Pour la 42ème fois depuis le début de l’état d’urgence, un juge, seul, dans une institution censée veiller aux libertés fondamentales, prend la responsabilité de rejeter des prétentions légitimes des acteurs essentiels de la justice.
Il dessine toutefois une avancée de principe majeure : il reconnait que les avocats, dans toutes les fonctions dont ils ont la charge « concourent au service public de la justice ». Ce principe, fermement défendu par le Syndicat des avocats de France notamment à l’occasion de ce recours, devra être désormais pris en compte par le gouvernement.
Le Juge du Palais Royal rappelle en effet qu’il appartient à l’État d’assurer le bon fonctionnement des services publics dont il a la charge et qu’à ce titre, il doit dans les hypothèses inévitables de contacts étroits et prolongés, mettre à disposition des équipements de protection, lorsque ceux qui y participent, donc les avocats, n’en disposent pas eux-mêmes.
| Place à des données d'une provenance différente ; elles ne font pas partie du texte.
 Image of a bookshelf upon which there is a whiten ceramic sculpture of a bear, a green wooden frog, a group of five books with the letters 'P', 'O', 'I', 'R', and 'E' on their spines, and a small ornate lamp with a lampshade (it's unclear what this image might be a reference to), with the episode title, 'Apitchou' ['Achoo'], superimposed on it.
Mais dans la confusion de son rôle de conseil de l’exécutif et de juge de la légalité de l’action du gouvernement, les obligations qu’il met à la charge de l’Etat sont à géométrie variable : elles dépendent des moyens dont disposerait actuellement l’administration…
Ainsi faute de masques, le Conseil d’Etat se borne une fois de plus à prendre acte des mesures prises par l’Etat pour gérer la pénurie persistante, sans aucun élément justificatif, ni même interroger ses capacités à réquisitionner les stocks importés par les collectivités locales et surtout par les entreprises privées !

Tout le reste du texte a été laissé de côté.